II. Whether or not a risk exists that assets may be disposed of by the husband.
Family Law Act 1975(Cth) s 114 - provides that the court may make such order or grant such injunction as it considers proper with respect to the matter to which the proceedings relate including an injunction in relation to the property of a party to the marriage.
Family Law Rules 2004r 18.10(1) -
provides that an application for review is to be heard as an original hearing.
Palmer v Parbery  QCA 27 -
McMurdo JA (with whom Fraser and Gotterson JJA agreed) said that the determination of whether there exists a sufficiently serious risk of the dissipation of assets involves the evaluation of future possibilities, rather than the ascertainment of historical facts.
Patterson v BTR Engineer (Aust) Ltd (1989) NSWLR 319 -
where Gleeson CJ said that as a general rule a plaintiff will need to establish, first a prima facie cause of action against the defendant, and secondly a danger that, by reason of the defendant’s absconding, assets being removed out of the jurisdiction or disposed of within the jurisdiction or otherwise dealt with in some fashion.
Tsiang & Wu and Ors  FamCAFC 128 -
where the Court held that the applicant must show that there is a “danger” or risk of dissipation of or dealing with assets which will frustrate any judgment in favour of the applicant.

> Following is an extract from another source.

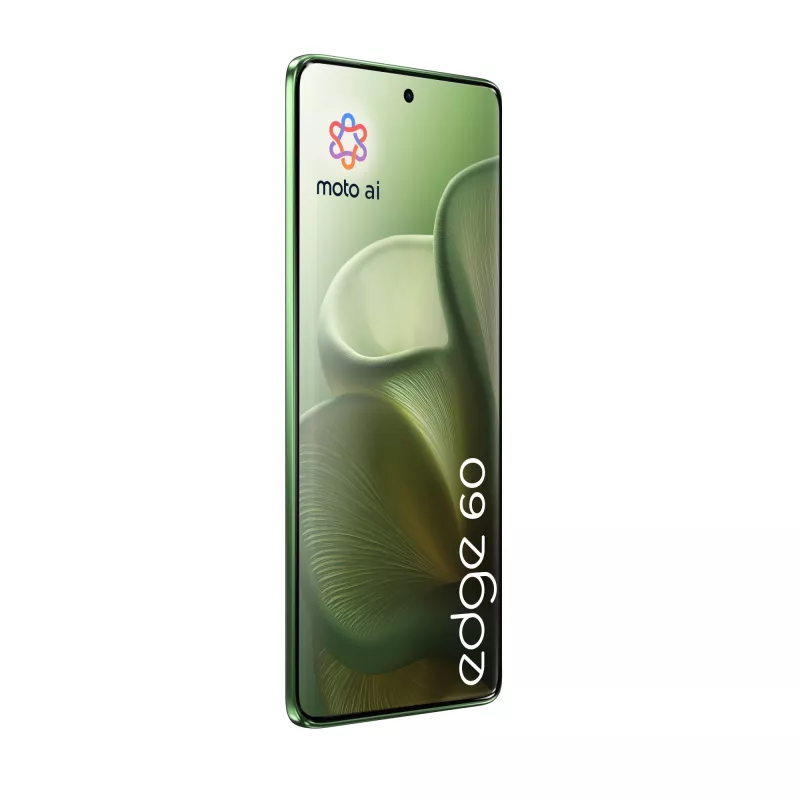 Išmanusis telefonas Motorola edge 60 16,9 cm (6,67 colio) Dual SIM Android 15 5G USB Type-C 12 GB 512 GB 5200 mAh Žalia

Banking records indicate that on 13 January 2021 the husband transferred $700,000 to an account in his sister’s name. On 14 and 15 January 2021 the husband transferred two further sums of $600,000 each from an account held in his sole name in the Middle Eastern Country to another account held in his name in Switzerland. On 4 February 2021 the husband’s sister transferred $700,000 back to the husband by payment into the first Swiss bank account. As a result of these transactions, by 4 February 2021 the husband held a total of $1.9 million in the first Swiss account in his sole name.
Through the financial disclosure provided by the husband's lawyers, the wife was made aware that the husband had drawn down funds in the sum of $1,879,000 from the offset account associated with the mortgage secured over the family home. The husband contends that the Swiss bank transfers represent a donation to the social enterprise associated with his sister. However, the curious features of his evidence concerning ownership and control of those funds must be considered in conjunction with the undisputed facts surrounding the timing of the various transactions whereby $1.9 million was drawn down from the home loan offset account came to be deposited in the name of the husband’s sister relative to the other events in the proceedings.

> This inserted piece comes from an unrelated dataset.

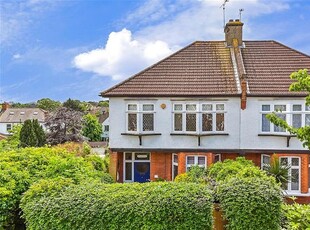 Semi-detached house for sale in Glebe Avenue, Woodford Green, Essex IG8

Still, the account in which the funds are held is in the name of the husband’s sister who is not a party to these proceedings. There are no identified funds from which this payment could be otherwise made and the wife’s counsel conceded on her behalf that if the court is not satisfied about her contentions concerning the husband’s control over these funds then it would not be proper for the court to make such an order.

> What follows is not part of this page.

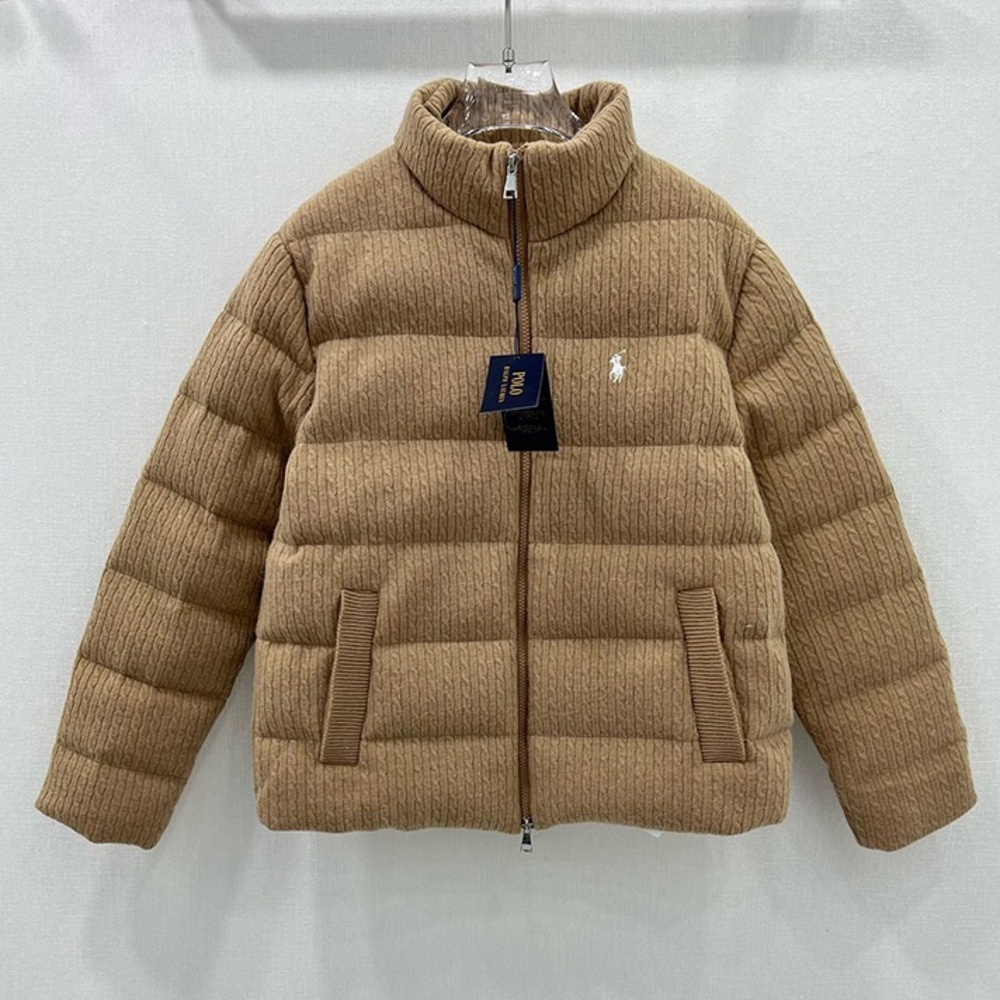 Ralph Lauren Tan Down Jacket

The Court concluded that a risk exists that assets may be disposed of by the husband. The wife established that there is a danger that her claim about the $19 million in transactions may be defeated or prejudiced unless a further injunction is granted. The Court ordered the Husband restrained from transferring or encumbering, or causing to be transferred or encumbered, the Suburb C Property registered in his sole personal name, without the wife’s prior written consent or except as permitted by an Order of the Court. The Court further concluded that it is inappropriate for an injunction requiring the husband to repay funds because there is no basis which the Court can be satisfied that the husband has control over the $1.9million.